In a recent issue of MSDN magazine I found a good article ((https://msdn.microsoft.com/magazine/mt763237?MC=CCPLUS&MC=Windows )) explaining how to convert between utf8 and utf16 encodings of std::string by using WIN 32 API functions. Besides a good written overview it provides the usable c++ code for download.
To write platform independent code, here I sum up, how far we can get with C++11 and STL library. Note: the code compiles and runs with C++0X capable compilers like VS 2010.
storage type
In order to store utf8 encoded strings we can use std::string. In order to store utf16 encoded string we should use std::u16string, which is basic_string with underlying type char16_t.
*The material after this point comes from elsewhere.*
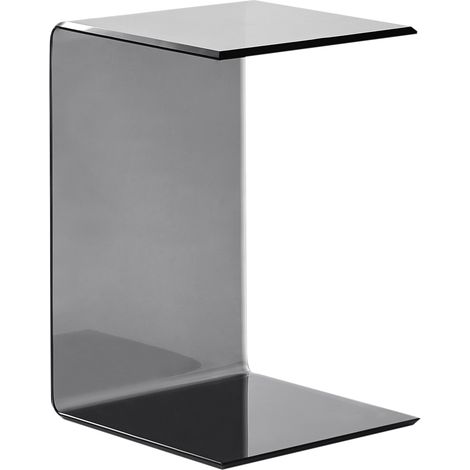 Mesa auxiliar moderna de vidrio semitransparente cantilever 40 x 61 cm negro Lourdes
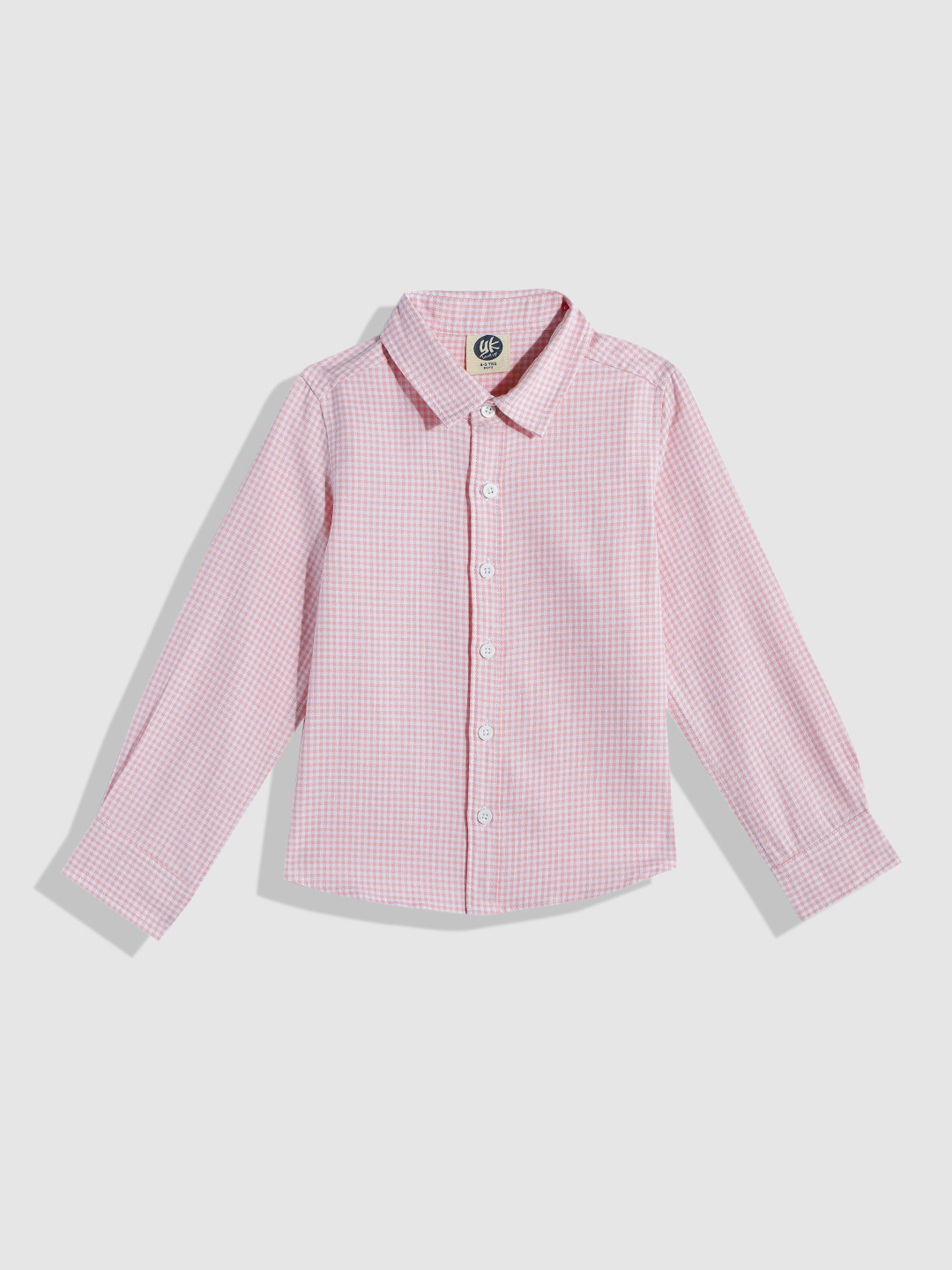 

YK Boys Grid Tattersall Checked Casual Shirt, Pink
In contrast to std::wstring the std::u16string is the same on all platforms.
utf8 -> utf16
#include <locale> #include <codecvt> typedef std::codecvt_utf8_utf16<char16_t> conversionFacet; std::u16string Utf8ToUtf16(const std::string& utf8) { std::u16string utf16; std::wstring_convert<conversionFacet, char16_t> converter; utf16 = converter.from_bytes(utf8); return(utf16); }
The working horse here is the template class std::wstring_convert. Despite its name it can be used not only with std::wstring, but due to its template parameter also with char16_t.
As a first template parameter it takes a individual facet. In this case we use the template class std::codevct_utf8_utf16 as a conversion facet.
The inverse conversion can be implemented in a similar way, just by calling member function to_bytes.
utf16 -> utf8
std::string Utf16ToUtf8(const std::u16string& utf16) { std::string utf8; std::wstring_convert<conversionFacet, char16_t> converter; utf8 = converter.to_bytes(utf16); return(utf8); }
summary
With c++11 we can use std::string, std::u16string and std::u32string to deal better with platform independent unicode support.
I showed simple example to convert between utf8 and utf16 encodings. One can implement other conversions in a similar way ,for example utf16 ->utf32.